> _SUPPLIED INFORMATION_
^^^^

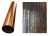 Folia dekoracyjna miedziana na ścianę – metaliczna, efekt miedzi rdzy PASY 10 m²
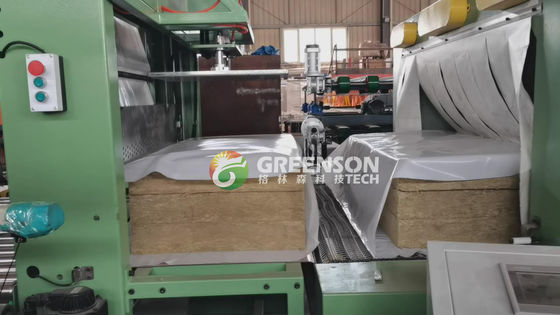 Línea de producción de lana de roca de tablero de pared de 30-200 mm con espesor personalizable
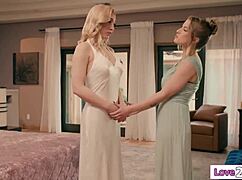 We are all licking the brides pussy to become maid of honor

^^^^

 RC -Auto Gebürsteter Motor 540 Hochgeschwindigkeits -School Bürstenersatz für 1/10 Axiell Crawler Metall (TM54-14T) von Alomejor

^^^^

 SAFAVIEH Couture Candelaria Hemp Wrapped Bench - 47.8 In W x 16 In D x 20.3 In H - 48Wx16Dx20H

^^^^

> _EXERCISE BRIEF_
Restate word for word every line from the one with "Folia dekoracyjna miedziana" up to and including the one with "We are all licking" in the records above, minus the pictures.

> _ANSWER BOX_
 Folia dekoracyjna miedziana na ścianę – metaliczna, efekt miedzi rdzy PASY 10 m²
 Línea de producción de lana de roca de tablero de pared de 30-200 mm con espesor personalizable
 We are all licking the brides pussy to become maid of honor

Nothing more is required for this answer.